# Problem requirements:
Wherever the line that contains "Стул пластиковый на" falls, repeat it and the lines after it exactly until the records end, without any pictures.

** Data in this exercise follows **

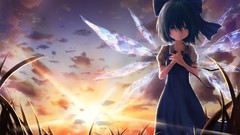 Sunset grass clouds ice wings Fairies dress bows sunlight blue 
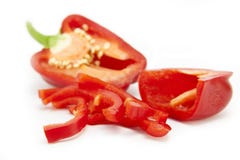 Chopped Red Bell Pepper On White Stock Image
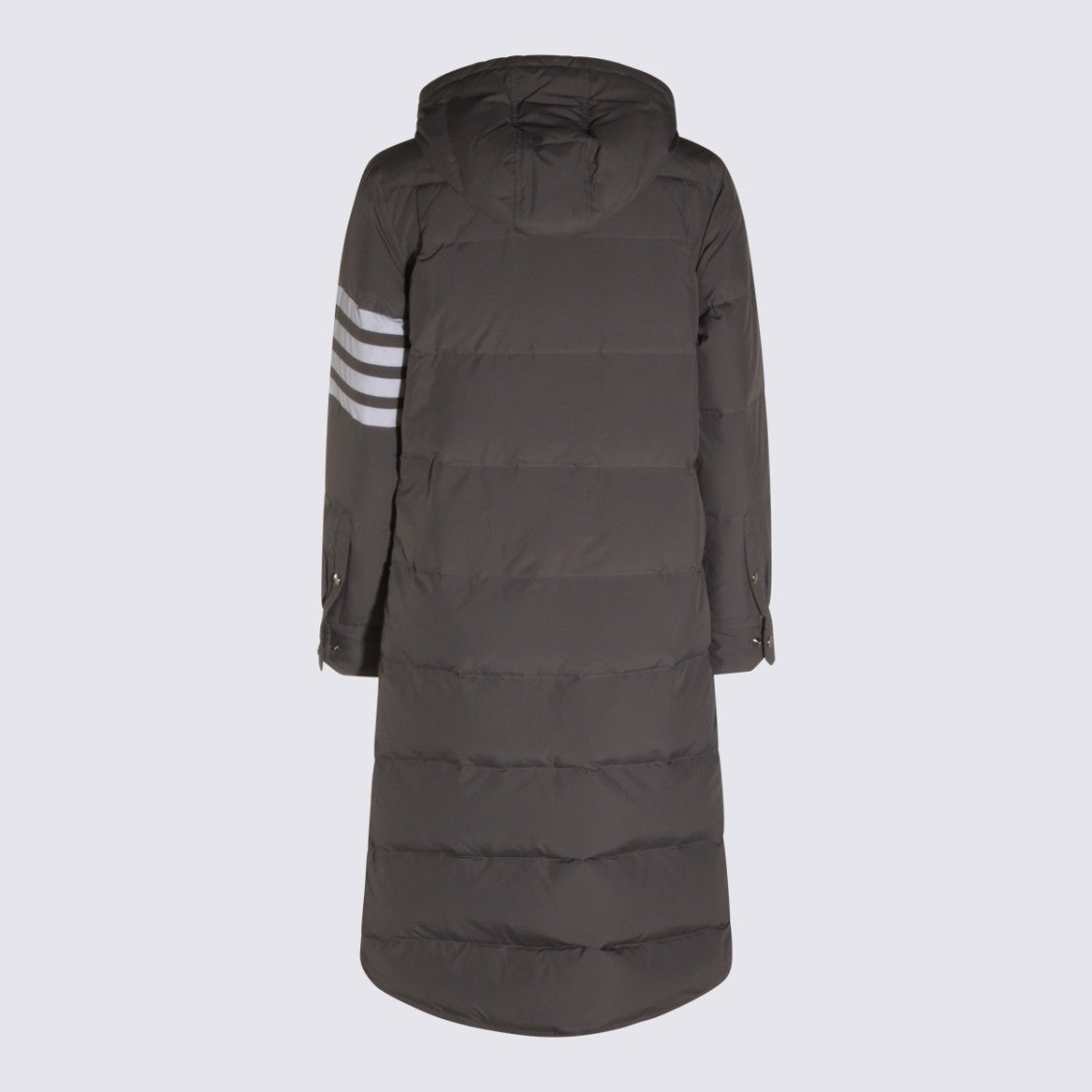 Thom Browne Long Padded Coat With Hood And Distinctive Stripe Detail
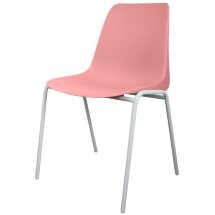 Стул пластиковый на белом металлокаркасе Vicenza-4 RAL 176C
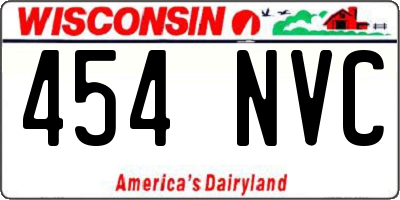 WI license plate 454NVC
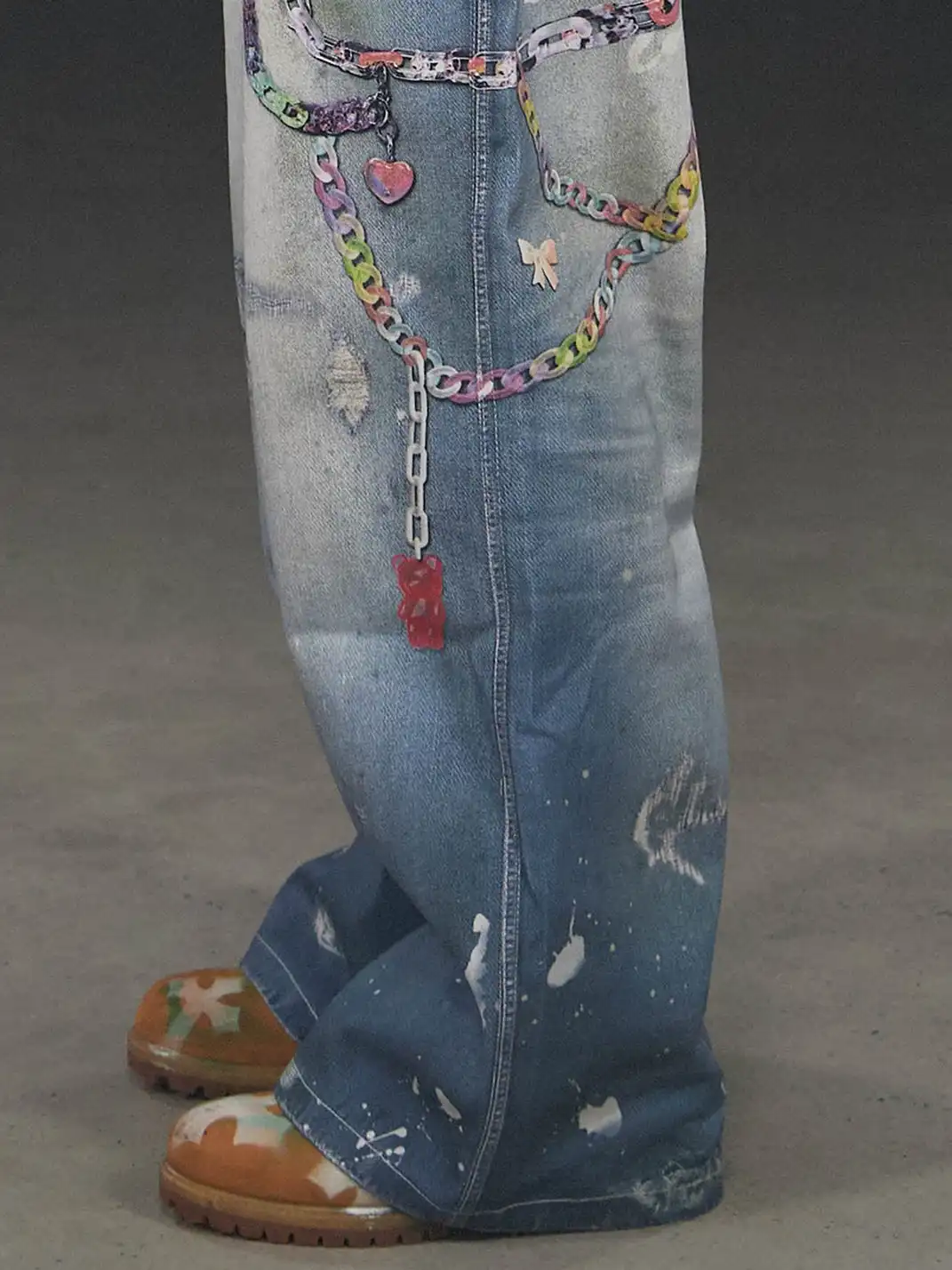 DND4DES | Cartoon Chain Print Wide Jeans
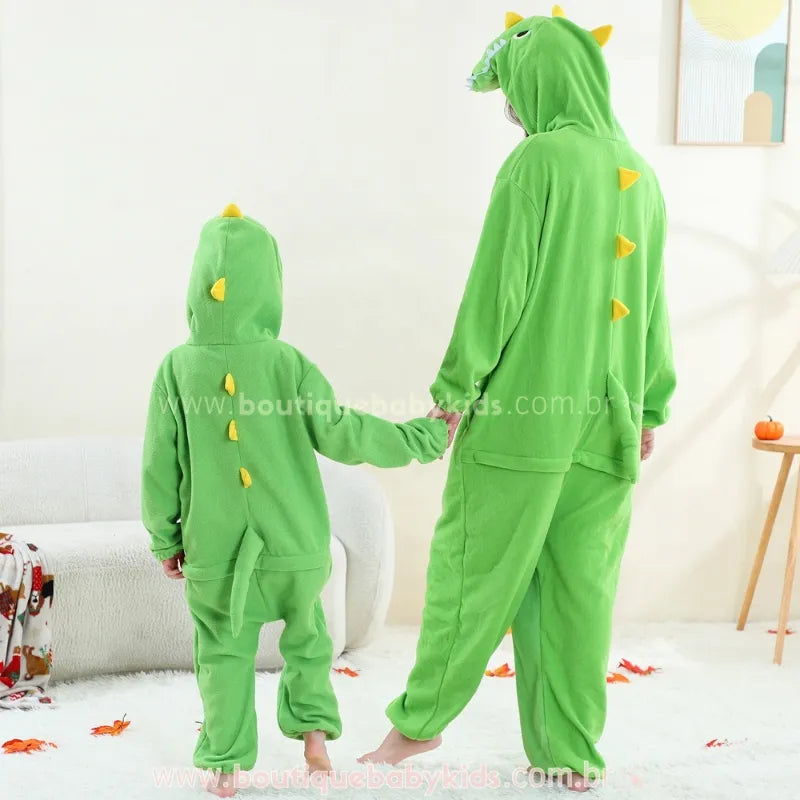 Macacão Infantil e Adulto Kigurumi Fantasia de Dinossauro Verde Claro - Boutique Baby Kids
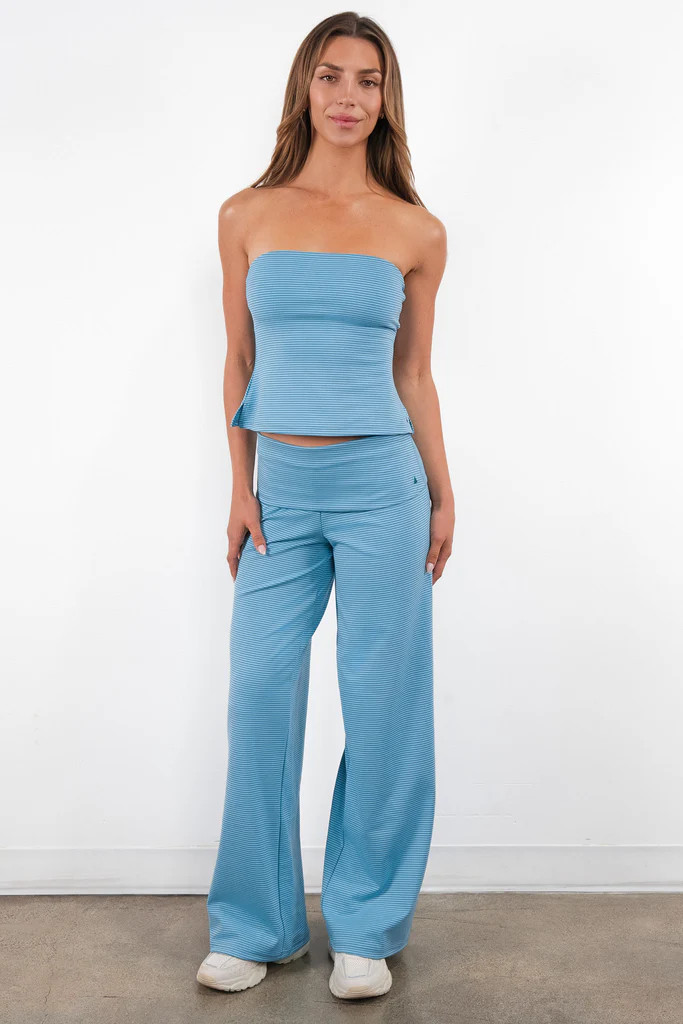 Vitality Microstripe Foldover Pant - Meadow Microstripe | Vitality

** End of Data in this exercise **

# Answer to this exercise:
 Стул пластиковый на белом металлокаркасе Vicenza-4 RAL 176C
 WI license plate 454NVC
 DND4DES | Cartoon Chain Print Wide Jeans
 Macacão Infantil e Adulto Kigurumi Fantasia de Dinossauro Verde Claro - Boutique Baby Kids
 Vitality Microstripe Foldover Pant - Meadow Microstripe | Vitality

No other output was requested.